L’utilisation des images cartographiques numérisées ne se limite pas à la préservation. Elle offre d’autres perspectives d’exploitation très prometteuses. Les centres de recherche scientifiques et les services techniques (DRAC, universités, services d’urbanisme) sont très demandeurs et ont déjà pu commander et obtenir des collections complètes de plans cadastraux sur cédéroms.
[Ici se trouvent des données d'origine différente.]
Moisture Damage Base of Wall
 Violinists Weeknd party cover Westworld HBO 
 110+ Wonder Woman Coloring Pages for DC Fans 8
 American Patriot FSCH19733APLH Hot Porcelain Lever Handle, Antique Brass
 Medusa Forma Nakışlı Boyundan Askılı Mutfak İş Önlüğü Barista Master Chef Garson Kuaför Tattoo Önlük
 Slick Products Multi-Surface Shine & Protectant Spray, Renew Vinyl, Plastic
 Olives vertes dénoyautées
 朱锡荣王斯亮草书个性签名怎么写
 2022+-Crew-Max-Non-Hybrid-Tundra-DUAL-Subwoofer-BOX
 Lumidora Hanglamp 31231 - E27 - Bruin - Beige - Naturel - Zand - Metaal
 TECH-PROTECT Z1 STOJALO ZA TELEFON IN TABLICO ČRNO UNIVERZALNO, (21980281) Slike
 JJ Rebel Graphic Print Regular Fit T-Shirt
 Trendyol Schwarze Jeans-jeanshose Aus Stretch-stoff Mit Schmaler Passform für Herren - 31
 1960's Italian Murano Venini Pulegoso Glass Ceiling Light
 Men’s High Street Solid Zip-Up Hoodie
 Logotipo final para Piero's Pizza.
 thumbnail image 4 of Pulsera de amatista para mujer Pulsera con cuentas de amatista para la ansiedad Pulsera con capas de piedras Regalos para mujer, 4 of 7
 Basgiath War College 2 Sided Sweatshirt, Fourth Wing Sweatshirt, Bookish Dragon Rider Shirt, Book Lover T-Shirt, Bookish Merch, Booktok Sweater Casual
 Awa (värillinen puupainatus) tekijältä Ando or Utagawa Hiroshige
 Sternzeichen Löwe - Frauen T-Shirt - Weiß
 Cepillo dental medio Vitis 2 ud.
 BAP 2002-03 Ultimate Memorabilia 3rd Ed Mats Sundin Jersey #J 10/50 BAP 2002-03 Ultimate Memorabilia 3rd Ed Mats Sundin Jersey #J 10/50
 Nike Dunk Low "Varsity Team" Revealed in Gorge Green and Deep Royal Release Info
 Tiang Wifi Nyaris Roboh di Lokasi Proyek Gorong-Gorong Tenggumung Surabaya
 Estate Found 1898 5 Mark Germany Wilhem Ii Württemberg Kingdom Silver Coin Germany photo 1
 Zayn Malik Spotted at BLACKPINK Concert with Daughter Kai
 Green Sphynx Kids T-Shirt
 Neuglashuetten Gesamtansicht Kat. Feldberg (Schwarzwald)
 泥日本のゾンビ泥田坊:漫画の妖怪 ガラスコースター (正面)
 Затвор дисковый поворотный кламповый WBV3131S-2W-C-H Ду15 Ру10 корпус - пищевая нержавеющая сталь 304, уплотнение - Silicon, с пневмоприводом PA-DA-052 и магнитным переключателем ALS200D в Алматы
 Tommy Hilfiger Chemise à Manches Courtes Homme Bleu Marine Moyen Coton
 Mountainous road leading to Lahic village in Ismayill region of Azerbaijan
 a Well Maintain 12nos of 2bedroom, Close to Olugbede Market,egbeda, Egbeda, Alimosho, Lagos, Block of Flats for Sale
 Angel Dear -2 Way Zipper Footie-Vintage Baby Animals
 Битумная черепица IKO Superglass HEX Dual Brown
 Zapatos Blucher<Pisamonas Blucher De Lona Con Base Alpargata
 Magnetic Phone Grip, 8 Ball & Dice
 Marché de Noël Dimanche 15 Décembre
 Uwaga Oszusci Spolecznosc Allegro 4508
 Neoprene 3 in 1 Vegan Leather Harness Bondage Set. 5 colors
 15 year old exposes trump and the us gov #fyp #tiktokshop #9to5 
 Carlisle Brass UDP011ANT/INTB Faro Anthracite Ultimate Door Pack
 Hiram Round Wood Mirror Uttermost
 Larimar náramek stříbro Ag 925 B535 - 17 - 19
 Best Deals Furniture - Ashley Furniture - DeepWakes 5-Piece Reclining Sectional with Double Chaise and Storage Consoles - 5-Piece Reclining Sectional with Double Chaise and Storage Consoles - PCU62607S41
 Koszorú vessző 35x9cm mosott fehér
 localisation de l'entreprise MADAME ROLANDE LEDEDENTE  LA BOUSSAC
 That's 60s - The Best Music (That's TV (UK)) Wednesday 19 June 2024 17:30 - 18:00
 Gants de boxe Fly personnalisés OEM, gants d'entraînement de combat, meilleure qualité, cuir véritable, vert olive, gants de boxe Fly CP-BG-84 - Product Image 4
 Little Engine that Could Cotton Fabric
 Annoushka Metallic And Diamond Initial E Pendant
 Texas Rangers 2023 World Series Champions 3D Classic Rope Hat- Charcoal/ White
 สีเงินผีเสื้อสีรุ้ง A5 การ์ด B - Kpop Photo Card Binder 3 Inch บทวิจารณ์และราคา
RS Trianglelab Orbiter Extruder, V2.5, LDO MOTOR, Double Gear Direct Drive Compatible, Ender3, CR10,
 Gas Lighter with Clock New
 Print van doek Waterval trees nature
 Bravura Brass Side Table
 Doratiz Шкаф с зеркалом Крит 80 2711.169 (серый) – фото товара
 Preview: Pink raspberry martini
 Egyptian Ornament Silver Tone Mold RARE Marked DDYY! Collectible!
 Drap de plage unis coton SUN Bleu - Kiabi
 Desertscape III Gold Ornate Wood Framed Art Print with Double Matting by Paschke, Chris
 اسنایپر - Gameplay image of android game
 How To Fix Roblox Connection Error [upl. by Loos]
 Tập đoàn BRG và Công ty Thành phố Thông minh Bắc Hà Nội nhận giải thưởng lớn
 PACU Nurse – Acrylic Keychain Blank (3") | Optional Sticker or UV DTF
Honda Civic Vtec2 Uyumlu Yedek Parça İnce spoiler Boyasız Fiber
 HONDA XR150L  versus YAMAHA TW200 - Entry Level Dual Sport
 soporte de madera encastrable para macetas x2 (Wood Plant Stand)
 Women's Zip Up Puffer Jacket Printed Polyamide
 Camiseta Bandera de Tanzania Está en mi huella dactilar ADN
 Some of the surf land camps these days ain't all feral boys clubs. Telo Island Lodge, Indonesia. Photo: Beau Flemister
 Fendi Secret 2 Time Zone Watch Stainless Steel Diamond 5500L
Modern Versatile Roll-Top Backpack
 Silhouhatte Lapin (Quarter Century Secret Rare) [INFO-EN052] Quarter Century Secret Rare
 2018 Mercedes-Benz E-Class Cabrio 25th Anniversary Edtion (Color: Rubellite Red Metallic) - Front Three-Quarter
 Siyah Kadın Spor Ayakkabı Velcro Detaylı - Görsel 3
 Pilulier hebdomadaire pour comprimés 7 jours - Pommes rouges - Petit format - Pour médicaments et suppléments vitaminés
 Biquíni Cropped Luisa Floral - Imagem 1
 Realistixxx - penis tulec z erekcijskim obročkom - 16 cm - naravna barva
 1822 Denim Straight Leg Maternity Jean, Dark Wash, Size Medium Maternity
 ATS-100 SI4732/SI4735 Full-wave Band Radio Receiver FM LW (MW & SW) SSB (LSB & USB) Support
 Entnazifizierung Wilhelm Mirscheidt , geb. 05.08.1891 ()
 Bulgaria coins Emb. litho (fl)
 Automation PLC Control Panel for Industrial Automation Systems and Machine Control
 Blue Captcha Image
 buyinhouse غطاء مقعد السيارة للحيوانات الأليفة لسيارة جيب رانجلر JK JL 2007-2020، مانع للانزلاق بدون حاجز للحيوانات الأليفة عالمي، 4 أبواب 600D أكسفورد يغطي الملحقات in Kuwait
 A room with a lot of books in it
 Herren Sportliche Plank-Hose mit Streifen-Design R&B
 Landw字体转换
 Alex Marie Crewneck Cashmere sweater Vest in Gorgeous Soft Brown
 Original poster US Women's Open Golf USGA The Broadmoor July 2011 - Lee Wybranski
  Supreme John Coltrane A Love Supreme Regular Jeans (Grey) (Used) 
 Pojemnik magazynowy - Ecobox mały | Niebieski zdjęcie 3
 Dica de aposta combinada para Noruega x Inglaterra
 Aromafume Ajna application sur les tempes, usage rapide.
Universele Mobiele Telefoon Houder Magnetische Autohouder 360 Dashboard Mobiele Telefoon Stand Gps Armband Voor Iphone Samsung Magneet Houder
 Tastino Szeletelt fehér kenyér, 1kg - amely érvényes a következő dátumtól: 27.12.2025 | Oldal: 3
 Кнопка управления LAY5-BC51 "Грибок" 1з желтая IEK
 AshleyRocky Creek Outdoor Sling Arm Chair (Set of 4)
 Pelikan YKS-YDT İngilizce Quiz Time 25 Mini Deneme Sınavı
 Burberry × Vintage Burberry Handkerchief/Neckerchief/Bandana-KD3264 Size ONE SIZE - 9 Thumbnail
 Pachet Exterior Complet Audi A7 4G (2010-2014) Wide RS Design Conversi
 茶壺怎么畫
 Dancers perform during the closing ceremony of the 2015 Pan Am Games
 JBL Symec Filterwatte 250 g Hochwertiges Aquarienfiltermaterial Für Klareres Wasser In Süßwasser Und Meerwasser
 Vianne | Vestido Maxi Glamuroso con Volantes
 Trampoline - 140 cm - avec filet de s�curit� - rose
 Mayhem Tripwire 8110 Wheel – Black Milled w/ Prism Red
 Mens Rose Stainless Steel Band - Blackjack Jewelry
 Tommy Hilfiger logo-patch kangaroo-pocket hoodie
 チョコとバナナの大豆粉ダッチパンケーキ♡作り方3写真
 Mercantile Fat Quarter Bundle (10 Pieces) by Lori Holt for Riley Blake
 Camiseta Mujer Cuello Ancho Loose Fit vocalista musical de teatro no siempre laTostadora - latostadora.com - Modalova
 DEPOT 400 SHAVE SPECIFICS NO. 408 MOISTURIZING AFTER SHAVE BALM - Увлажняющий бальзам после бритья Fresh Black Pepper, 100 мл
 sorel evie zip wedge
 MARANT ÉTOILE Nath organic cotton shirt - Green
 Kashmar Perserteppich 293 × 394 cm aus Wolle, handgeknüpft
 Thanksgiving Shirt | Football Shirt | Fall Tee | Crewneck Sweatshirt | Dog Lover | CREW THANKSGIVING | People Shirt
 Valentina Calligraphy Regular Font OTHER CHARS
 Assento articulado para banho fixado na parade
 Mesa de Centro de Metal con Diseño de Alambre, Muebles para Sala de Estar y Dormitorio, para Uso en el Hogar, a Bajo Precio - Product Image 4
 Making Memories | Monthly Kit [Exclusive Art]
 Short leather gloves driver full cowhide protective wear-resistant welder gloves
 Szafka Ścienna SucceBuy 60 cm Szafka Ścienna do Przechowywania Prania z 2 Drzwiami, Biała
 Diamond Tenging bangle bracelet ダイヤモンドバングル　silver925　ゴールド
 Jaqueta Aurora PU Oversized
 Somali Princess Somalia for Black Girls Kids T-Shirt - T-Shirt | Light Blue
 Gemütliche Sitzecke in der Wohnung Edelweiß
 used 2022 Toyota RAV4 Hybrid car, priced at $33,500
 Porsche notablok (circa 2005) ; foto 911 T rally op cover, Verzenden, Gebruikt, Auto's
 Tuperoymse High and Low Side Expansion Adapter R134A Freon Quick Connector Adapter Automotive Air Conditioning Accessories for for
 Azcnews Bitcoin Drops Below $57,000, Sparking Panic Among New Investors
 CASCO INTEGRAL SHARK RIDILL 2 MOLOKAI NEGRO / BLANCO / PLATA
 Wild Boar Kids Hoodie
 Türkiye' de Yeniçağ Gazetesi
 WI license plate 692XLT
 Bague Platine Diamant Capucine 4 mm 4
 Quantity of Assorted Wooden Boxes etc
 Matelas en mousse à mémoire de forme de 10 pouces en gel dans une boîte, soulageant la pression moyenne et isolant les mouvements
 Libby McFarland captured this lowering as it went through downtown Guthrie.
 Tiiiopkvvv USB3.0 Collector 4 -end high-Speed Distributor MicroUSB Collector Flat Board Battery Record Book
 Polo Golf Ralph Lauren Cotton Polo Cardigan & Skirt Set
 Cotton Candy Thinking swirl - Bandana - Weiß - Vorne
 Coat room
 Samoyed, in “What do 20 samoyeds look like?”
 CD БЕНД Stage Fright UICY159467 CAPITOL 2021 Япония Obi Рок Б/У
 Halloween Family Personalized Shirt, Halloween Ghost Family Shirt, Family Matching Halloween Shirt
Des liens avec d’autres données topographiques sont désormais envisageables [Cette dimension est déjà intégrée dans la numérisation des plans cadastraux de la Marne].

Le croisement des informations anciennes, actuelles et futures autorise également des projets séduisants, comme le montrent les possibilités d’intégration des données patrimoniales numérisées dans les systèmes d’information géographiques (SIG) de l’Etat et des collectivités territoriales [On notera que l’association des archivistes français (section des archivistes municipaux) organise à Nantes en septembre 2005 un grand colloque intitulé Représenter le territoire, du plan terrier au S.I.G ; : archives et nouvelles technologies]. Les ressources cartographiques des archives et des bibliothèques, une fois numérisées, peuvent ainsi rejoindre la production de nouvelles sources dématérialisées pour enrichir la représentation du territoire.

Enfin, l’utilisation des formats pyramidaux et le développement des nouveaux services cartographiques sur internet laissent entrevoir de nouvelles possibilités de diffusion de ce patrimoine cartographique numérisé. Les fichiers volumineux posent de moins en moins de problème, les interfaces de consultation se développent…

Bibliothèque et services d’archives peuvent désormais offrir à leurs publics un large accès à leurs collections cartographiques, enfin sorties de l’isolement.